### Action item
Begin your copy at the line with "Building Photo - 9881 Green Dr" in the records below and end it at the line with "Eagle Force 迷彩服セット 膝当て付き", restating each line word for word; omit the pictures.

### Dataset extract
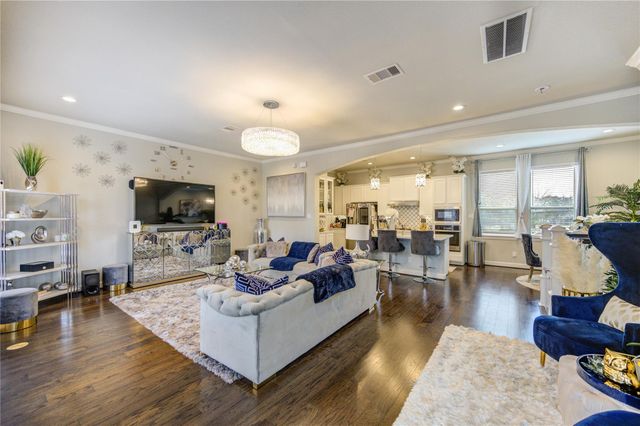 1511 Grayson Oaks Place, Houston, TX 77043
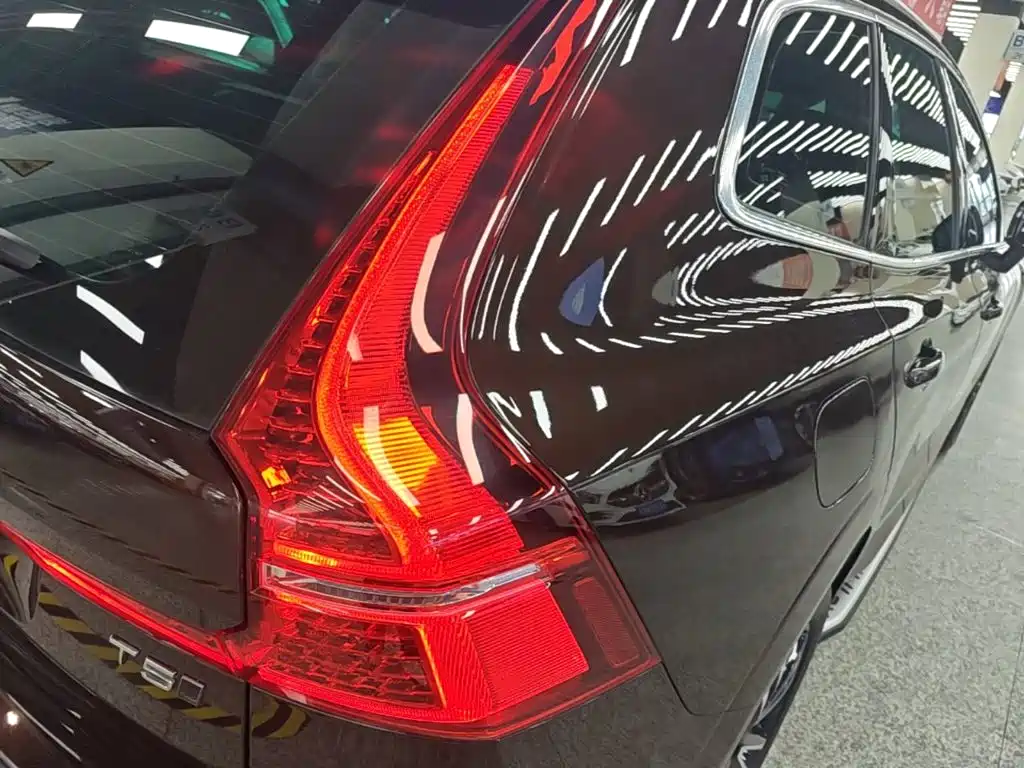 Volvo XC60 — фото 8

==

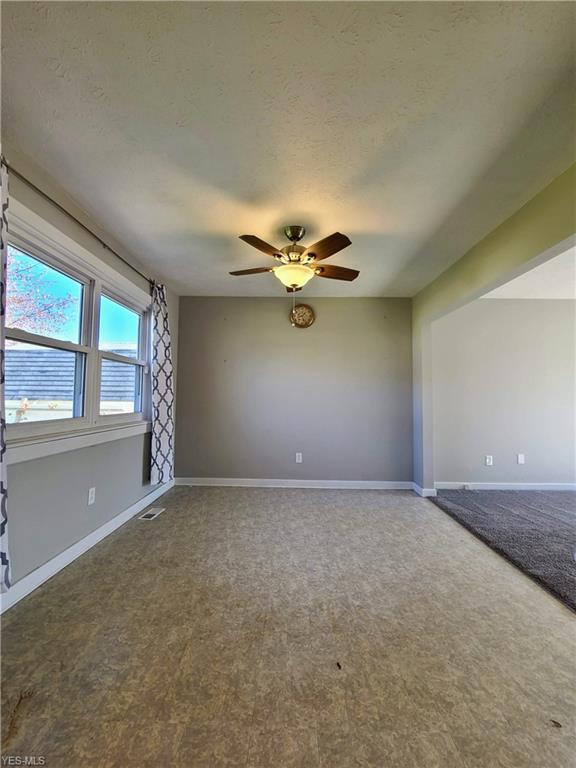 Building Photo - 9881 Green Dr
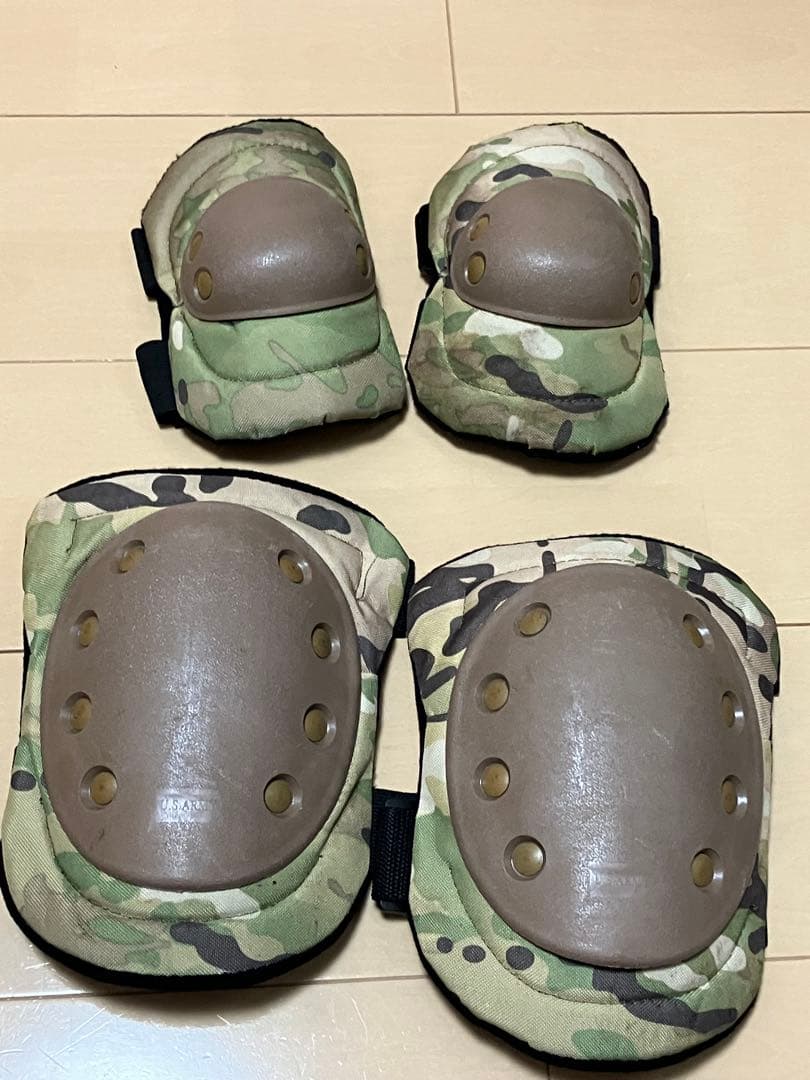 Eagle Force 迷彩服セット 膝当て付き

### Written response
 Building Photo - 9881 Green Dr
 Eagle Force 迷彩服セット 膝当て付き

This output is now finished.